_What the task requires_. Leave out all pictures while you copy the lines exactly from the one with "125R Spec: Extended Swing Arm" through the last line of the listing.

------------------------------

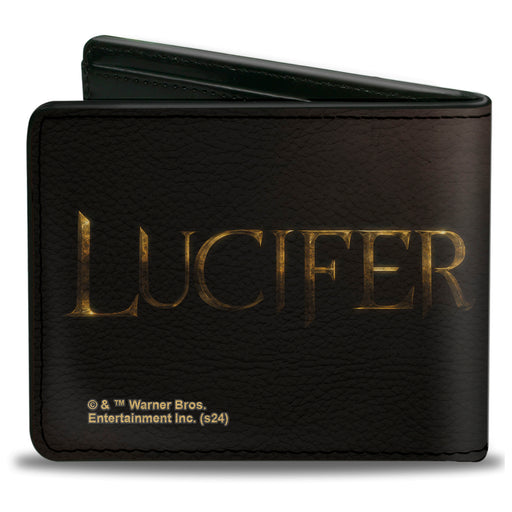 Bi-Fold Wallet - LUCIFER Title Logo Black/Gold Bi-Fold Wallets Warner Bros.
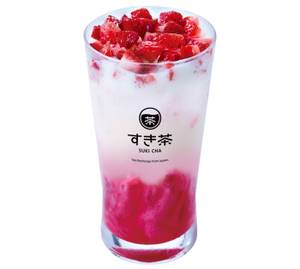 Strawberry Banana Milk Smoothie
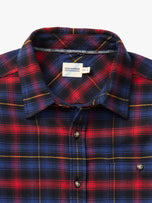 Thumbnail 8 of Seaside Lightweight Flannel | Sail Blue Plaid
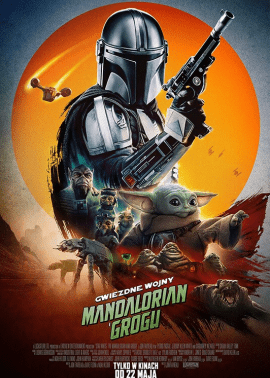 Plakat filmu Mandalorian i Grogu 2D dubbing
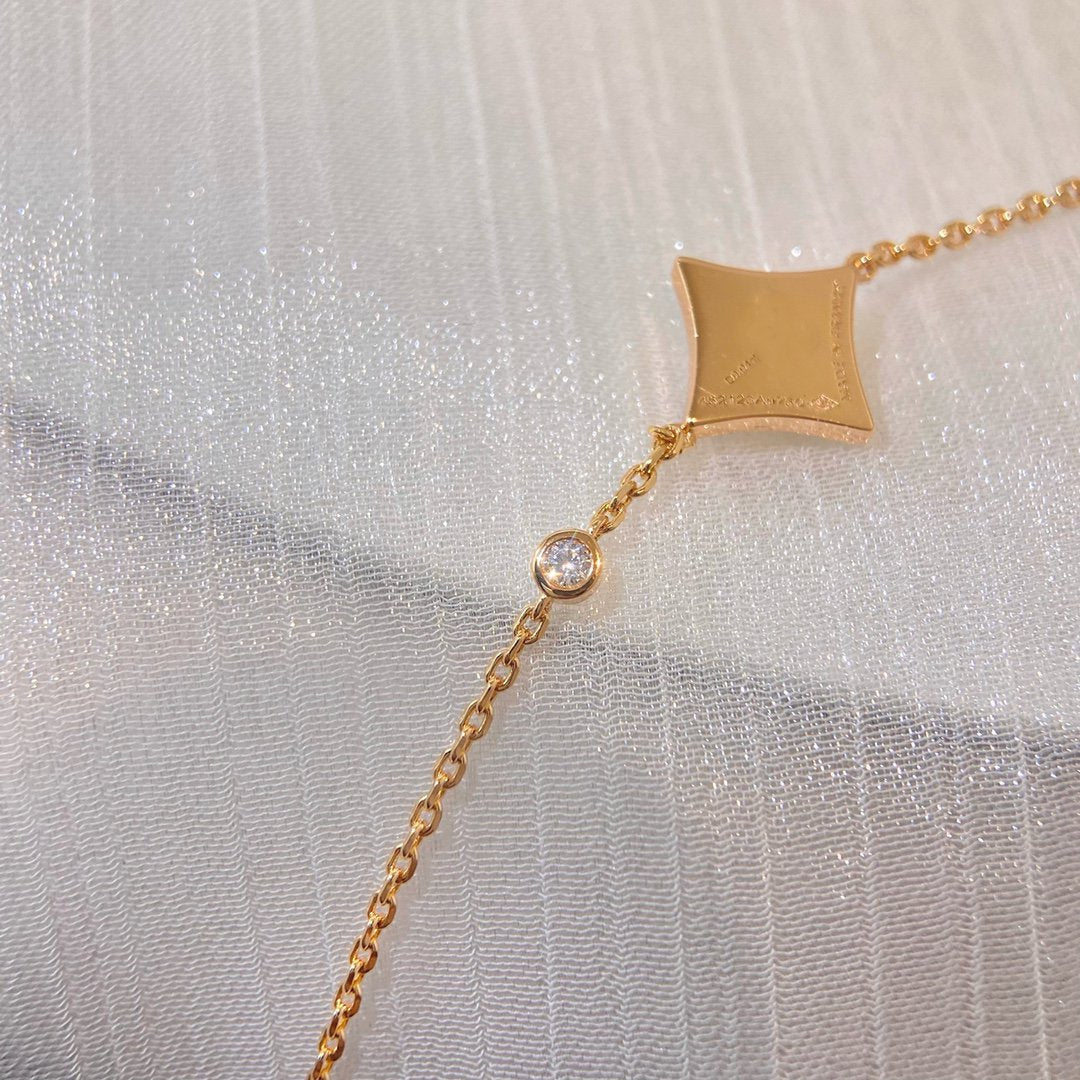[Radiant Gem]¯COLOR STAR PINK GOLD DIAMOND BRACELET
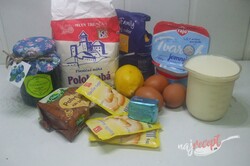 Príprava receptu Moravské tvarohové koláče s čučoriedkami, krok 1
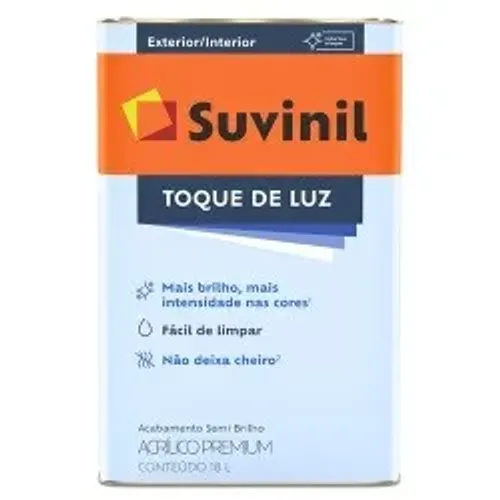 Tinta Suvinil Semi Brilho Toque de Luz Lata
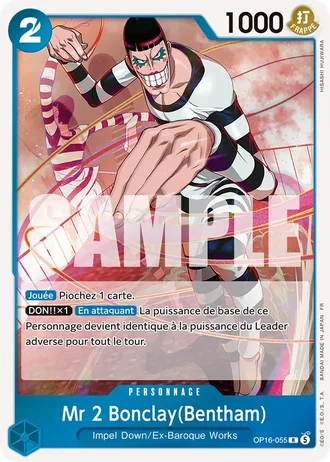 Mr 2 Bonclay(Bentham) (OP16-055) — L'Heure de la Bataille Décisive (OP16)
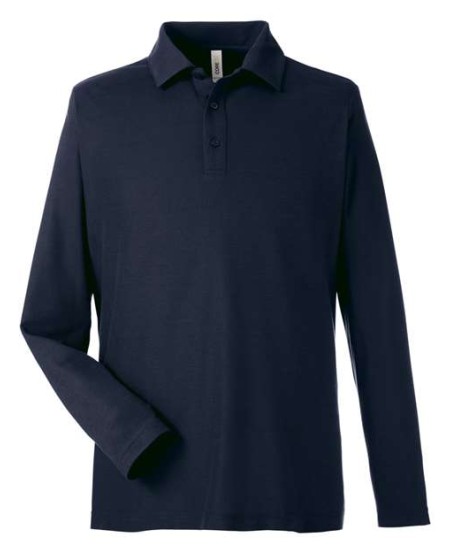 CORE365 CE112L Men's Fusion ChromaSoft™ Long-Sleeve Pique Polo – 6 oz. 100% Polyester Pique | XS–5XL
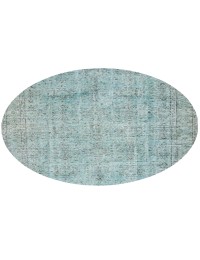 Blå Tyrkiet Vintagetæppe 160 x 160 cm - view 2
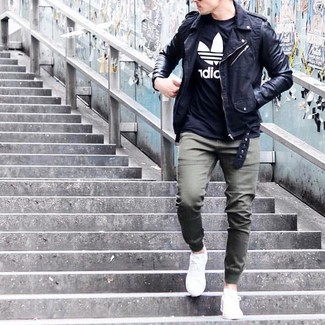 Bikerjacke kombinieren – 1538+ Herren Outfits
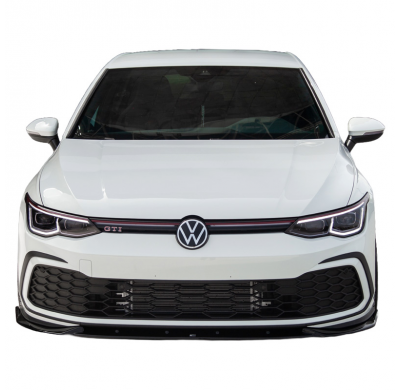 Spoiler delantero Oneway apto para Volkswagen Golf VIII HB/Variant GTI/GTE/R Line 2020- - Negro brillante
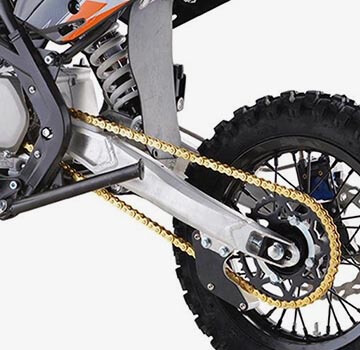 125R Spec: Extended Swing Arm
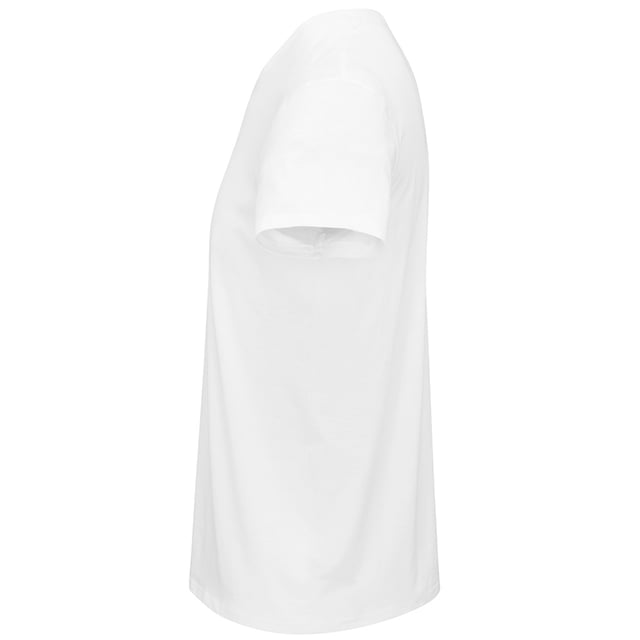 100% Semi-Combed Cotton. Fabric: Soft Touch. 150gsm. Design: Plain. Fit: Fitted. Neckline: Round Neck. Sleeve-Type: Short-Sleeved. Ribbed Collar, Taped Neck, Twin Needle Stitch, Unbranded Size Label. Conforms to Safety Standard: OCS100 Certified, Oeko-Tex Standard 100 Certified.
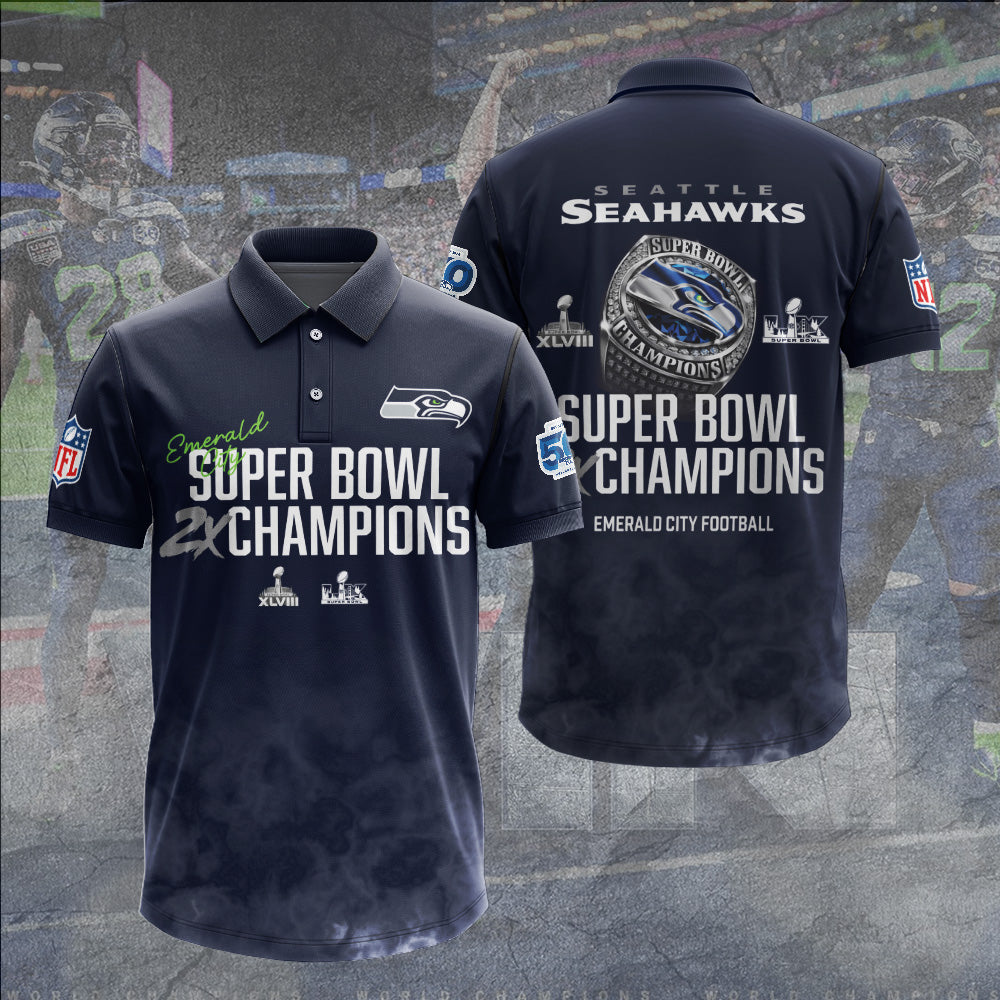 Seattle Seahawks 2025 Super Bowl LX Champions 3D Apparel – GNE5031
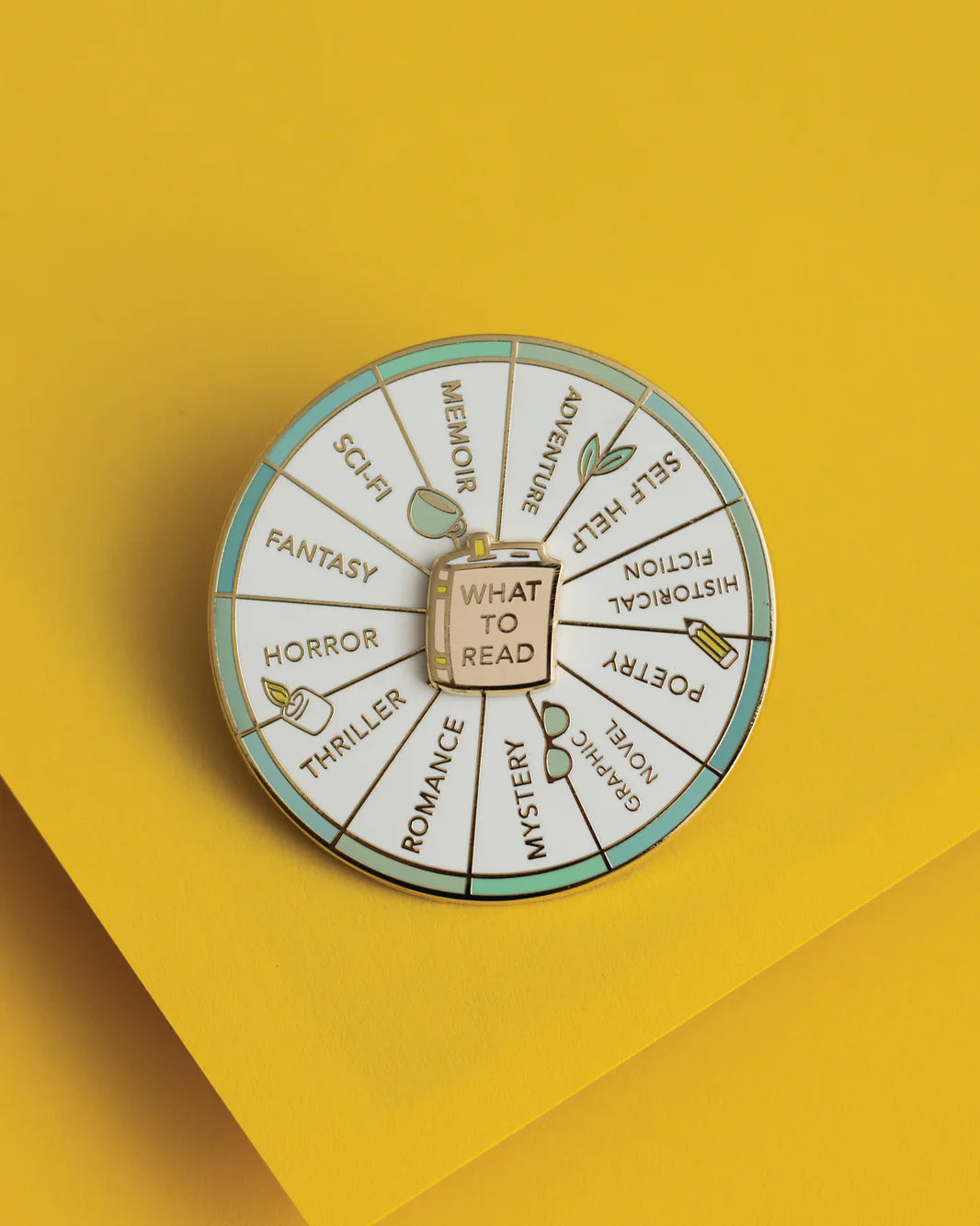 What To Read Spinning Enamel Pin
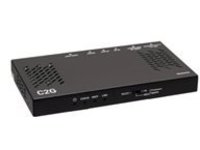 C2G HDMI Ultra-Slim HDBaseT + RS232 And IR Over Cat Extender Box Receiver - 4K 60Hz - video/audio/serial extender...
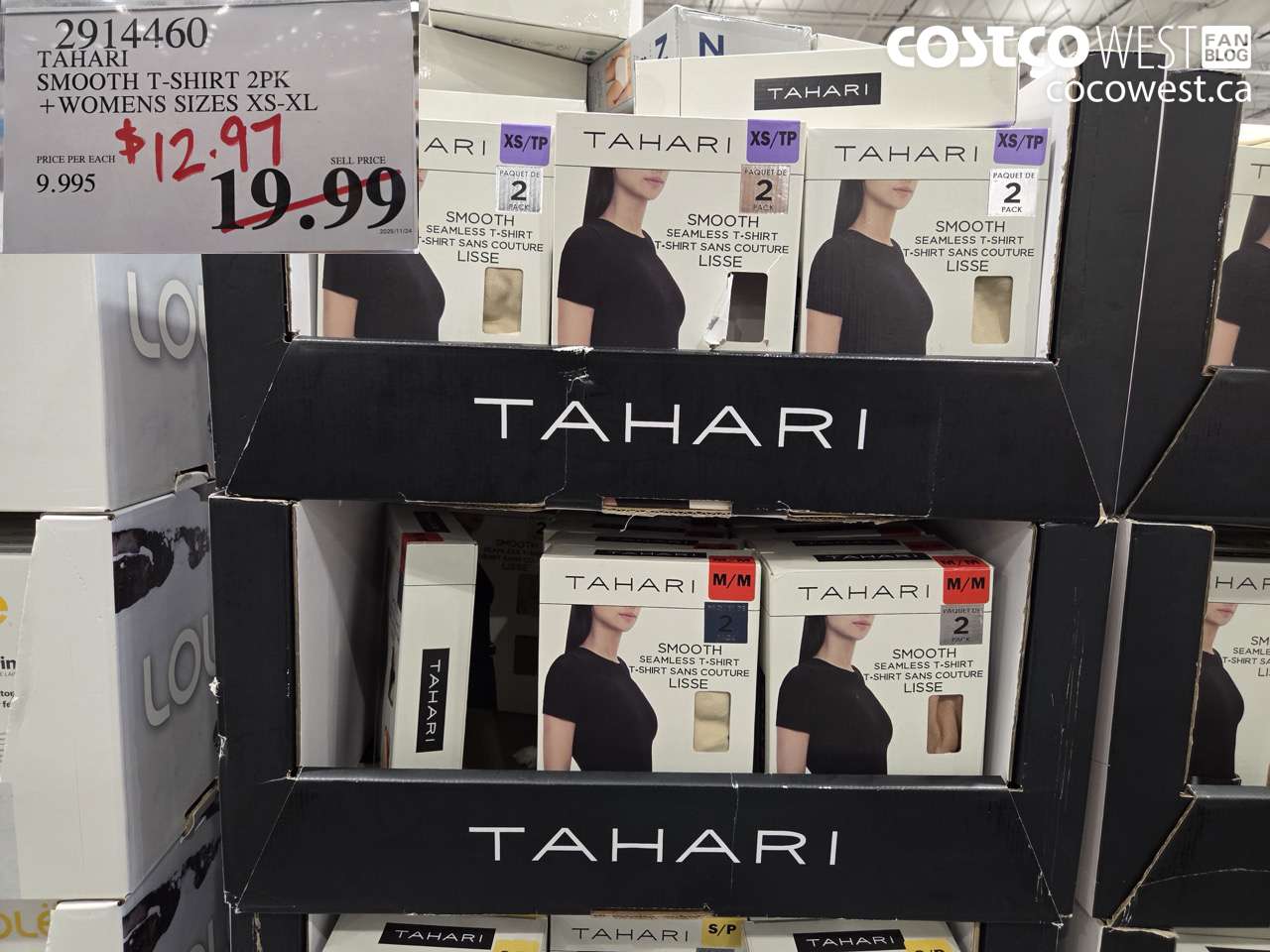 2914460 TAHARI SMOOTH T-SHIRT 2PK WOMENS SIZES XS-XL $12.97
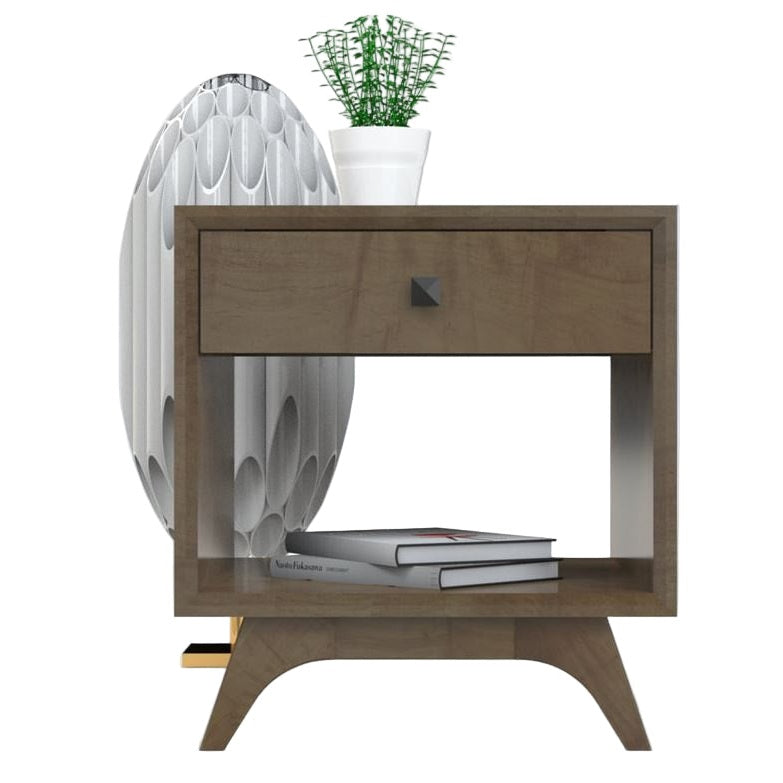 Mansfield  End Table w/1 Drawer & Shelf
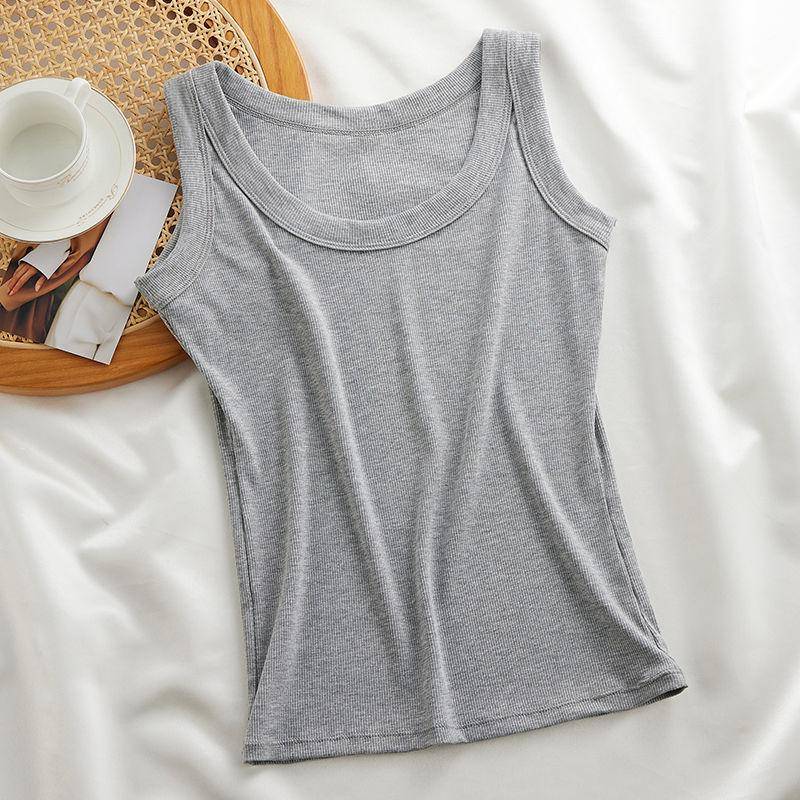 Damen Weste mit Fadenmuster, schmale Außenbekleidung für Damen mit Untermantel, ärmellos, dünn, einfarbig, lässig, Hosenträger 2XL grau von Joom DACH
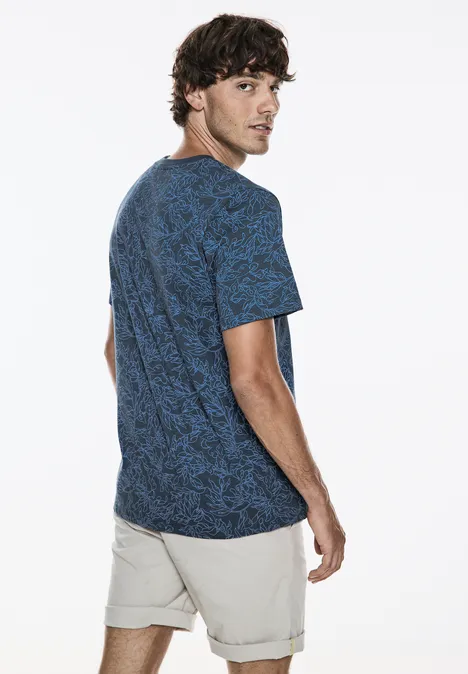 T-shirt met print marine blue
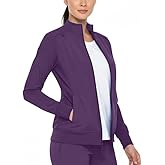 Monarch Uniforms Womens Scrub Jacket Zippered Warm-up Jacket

------------------------------

_Answer for the task_.
 125R Spec: Extended Swing Arm
 100% Semi-Combed Cotton. Fabric: Soft Touch. 150gsm. Design: Plain. Fit: Fitted. Neckline: Round Neck. Sleeve-Type: Short-Sleeved. Ribbed Collar, Taped Neck, Twin Needle Stitch, Unbranded Size Label. Conforms to Safety Standard: OCS100 Certified, Oeko-Tex Standard 100 Certified.
 Seattle Seahawks 2025 Super Bowl LX Champions 3D Apparel – GNE5031
 What To Read Spinning Enamel Pin
 C2G HDMI Ultra-Slim HDBaseT + RS232 And IR Over Cat Extender Box Receiver - 4K 60Hz - video/audio/serial extender...
 2914460 TAHARI SMOOTH T-SHIRT 2PK WOMENS SIZES XS-XL $12.97
 Mansfield  End Table w/1 Drawer & Shelf
 Damen Weste mit Fadenmuster, schmale Außenbekleidung für Damen mit Untermantel, ärmellos, dünn, einfarbig, lässig, Hosenträger 2XL grau von Joom DACH
 T-shirt met print marine blue
 Monarch Uniforms Womens Scrub Jacket Zippered Warm-up Jacket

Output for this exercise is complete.